Aim of the task => The material below holds pictures, which are to be left out; copy exactly the lines from the one with "Slide: The Image" through the one with "Woman wearing a".

Working data =>
* * * *
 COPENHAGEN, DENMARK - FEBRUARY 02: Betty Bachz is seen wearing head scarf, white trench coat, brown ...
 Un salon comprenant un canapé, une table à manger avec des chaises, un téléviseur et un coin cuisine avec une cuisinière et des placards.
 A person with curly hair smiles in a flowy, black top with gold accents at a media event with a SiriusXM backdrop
* * * *
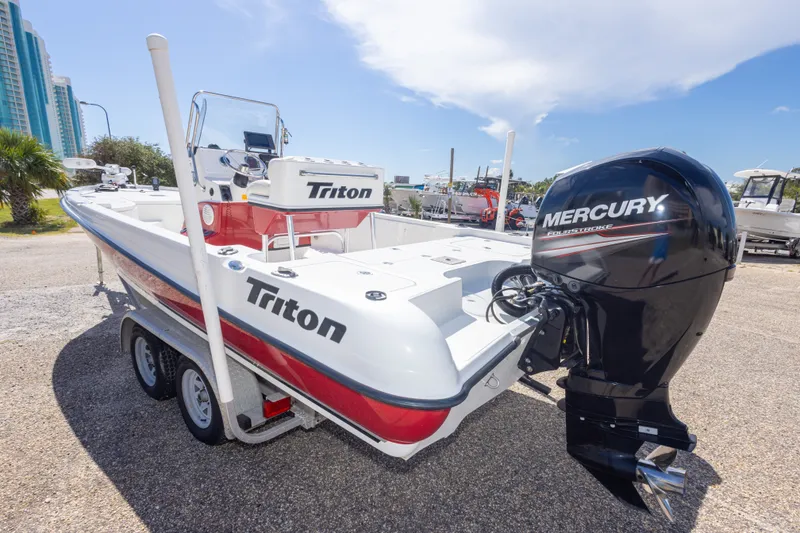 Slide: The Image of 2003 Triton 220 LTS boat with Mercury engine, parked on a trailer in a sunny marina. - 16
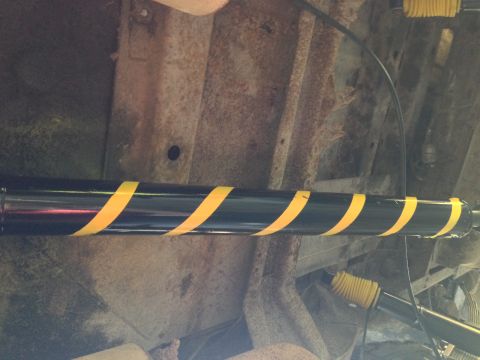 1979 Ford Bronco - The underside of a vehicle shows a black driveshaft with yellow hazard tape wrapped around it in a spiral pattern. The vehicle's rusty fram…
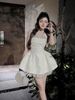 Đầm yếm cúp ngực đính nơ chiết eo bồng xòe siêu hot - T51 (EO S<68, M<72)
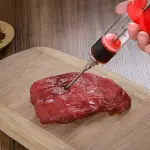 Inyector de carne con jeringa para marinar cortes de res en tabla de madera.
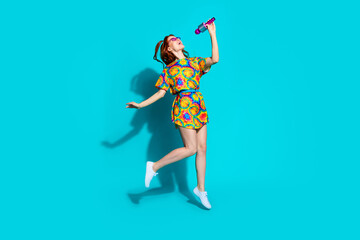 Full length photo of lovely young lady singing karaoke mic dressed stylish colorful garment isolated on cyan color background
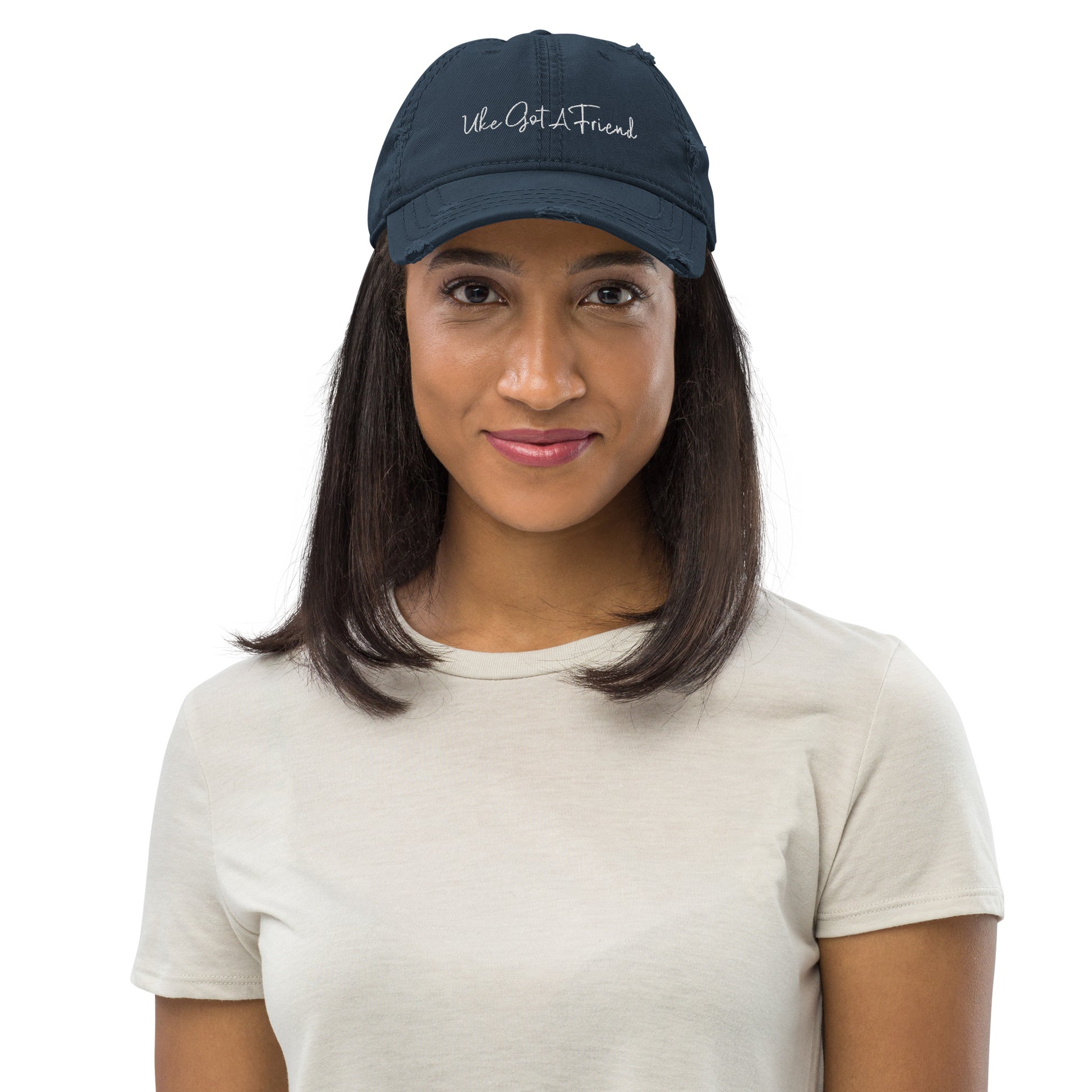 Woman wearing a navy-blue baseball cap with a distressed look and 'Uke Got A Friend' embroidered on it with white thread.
* * * *
The completed task =>
 Slide: The Image of 2003 Triton 220 LTS boat with Mercury engine, parked on a trailer in a sunny marina. - 16
 1979 Ford Bronco - The underside of a vehicle shows a black driveshaft with yellow hazard tape wrapped around it in a spiral pattern. The vehicle's rusty fram…
 Đầm yếm cúp ngực đính nơ chiết eo bồng xòe siêu hot - T51 (EO S<68, M<72)
 Inyector de carne con jeringa para marinar cortes de res en tabla de madera.
 Full length photo of lovely young lady singing karaoke mic dressed stylish colorful garment isolated on cyan color background
 Woman wearing a navy-blue baseball cap with a distressed look and 'Uke Got A Friend' embroidered on it with white thread.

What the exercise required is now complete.